Bien que les deux premières parties de la fresque à Beethoven soient difficiles à aborder avec des collégiens, à cause de la nudité des personnages et de la violence de certaines images qui firent scandale à l’époque, le dernier tableau peut facilement faire l’objet d’une activité en cours. Il permet d’introduire ou de compléter une activité sur le poème de Schiller l’Hymne à la joie, et sur sa mise en musique par Beethoven, qui est devenue l’hymne européen. La frise étant très riche, les élèves peuvent s'entrainer à la description d'oeuvre. On trouvera ci-dessous une description et un début d'analyse dans les deux langues.
Description des tableaux
Premier panneau
La frise se lit de gauche à droite. Au début, on retrouve les génies qui flottent le long de la marge supérieure et qui étaient déjà présents dans le premier panneau. Ils ondulent comme de l’eau et leurs yeux sont fermés comme s’ils dormaient. Toute la partie inférieure de la frise est blanche, épurée, ce qui est très atypique pour Klimt qui aimait remplir au maximum ses tableaux. Ce blanc est donc voulu, probablement pour mieux signifier la pureté et la légerté du sentiment de bonheur naissant. Au contraire, la fin de la frise est plutôt surchargée pour symboliser la force de l'amour et de la joie.

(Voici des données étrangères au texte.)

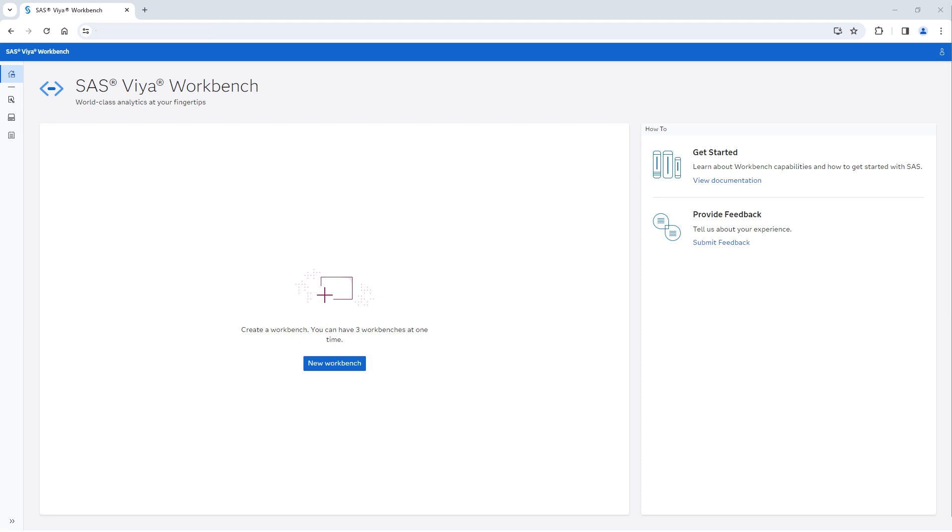SAS Viya Workbench is a flexible, secure, and scalable on-demand cloud computing environment built for data science.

Der Fries wird von links nach rechts gelesen. Anfangs sieht man Genien am obenren Rand schweben. Sie gleiten wie Wasser und ihre Augen sind geschlossen, als würden sie schlafen. Der ganze untere Teil des Bildes ist weiß und vereinfacht, was für Klimt eigentlich eigenartig ist, denn er wollte seine Bilder immer so sehr wie möglich füllen. Er hat das Weiße also bewusst benutzt, vermutlich um die Reinheit und die Einfachheit des beginnenden Glücks zu betonen. Im Gegensatz dazu ist das Ende des Frieses eher voll, um die Stärke der Liebe und der Freude auszudrücken.

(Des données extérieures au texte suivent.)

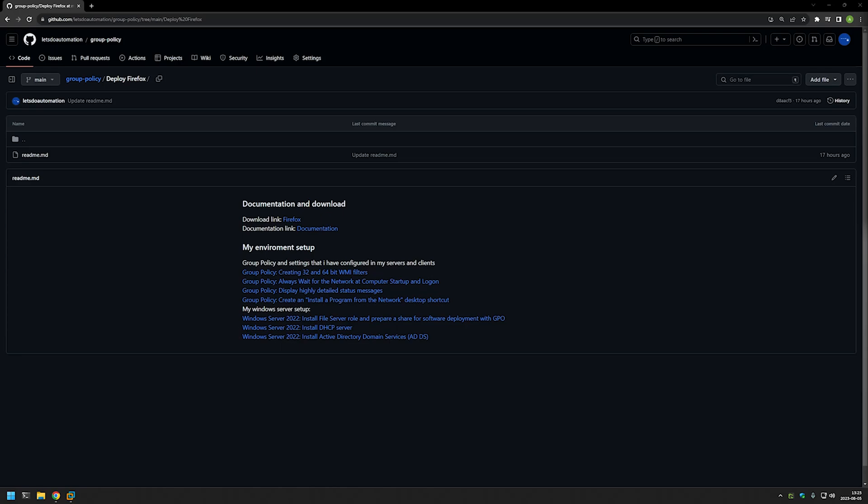In this video I will show you how to deploy Mozilla Firefox browser using Group Policy. I will show you two methods: one is when we assign the policy to computers and the computers install the software on startup, and the second one is when we assign the policy to users and users themselves can decide what software and when to install. I'm starting this video from my GitHub page because I have some bits of information there.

Vers le milieu de la frise, au bord du premier panneau, les génies aboutissent à une allégorie de la poésie dans un nuage d’or. Cette figure féminine et sa harpe ressemblent étonnamment à celle que l’on peut voir sur un vase grec datant du cinquième siècle avant J.C. Ce sentiment est renforcé par la simplicité des traits et le peu de couleurs utilisées. Klimt cherche à représenter un temps légendaire d’harmonie (ce sont les grecs qui ont les premiers parlé de l’âge d’or). Avec cette figure, il introduit aussi le thème de la musique, qui est essentiel sur une fresque consacrée à Beethoven.

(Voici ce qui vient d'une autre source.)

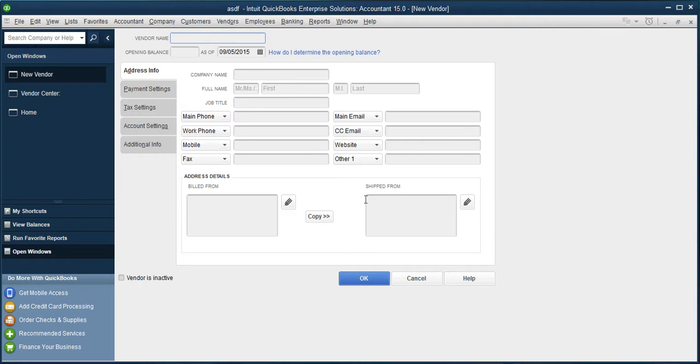So after filling the details, BT Group PLC, the opening balance, I am leaving this field as blank as of the day. The company name, British Telecom.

In der Mitte des Frieses, am Rande des ersten Bildes, kommen die Genien bei einer Allegorie der Poesie an und schweben über sie in einer goldenen Wolke. Überraschender Weise ähnelt diese weibliche Figur mit Harfe einer Frau auf einer griechischen Vase aus dem 5. Jahrhundert vor Christus. Dieser Eindruck ist umso stärker, als sie sehr einfache Züge hat und aus wenigen Farben besteht. Klimt will eine vergangene Zeit der Harmonie darstellen, und die Griechen waren die ersten, die von der Goldenen Zeit gesprochen haben. Mit dieser Frau veranschaulicht er auch das Thema der Musik, was auf dem Beethovenfries natürlich sehr wichtig ist.
Deuxième panneau
De l’autre côté, sur le deuxième panneau, après un grand espace blanc, des femmes aux yeux fermés semblent danser sur un fond or qui ondule et les englobe partiellement. Elles tendent les bras vers un chœur de femmes debout sur un lit de fleurs et se donnent les mains en signe d’harmonie. Ici, le manque de perspective fait plutôt penser à une enluminure du Moyen-Âge et aux anges du paradis. Le thème de la musique est encore présent puisque l’une d’entre elles tient un tambourin et que leur robes semblent onduler en mouvement réguliers. On reconnaît le dernier mouvement de la symphonie de Beethoven, riche en chœurs.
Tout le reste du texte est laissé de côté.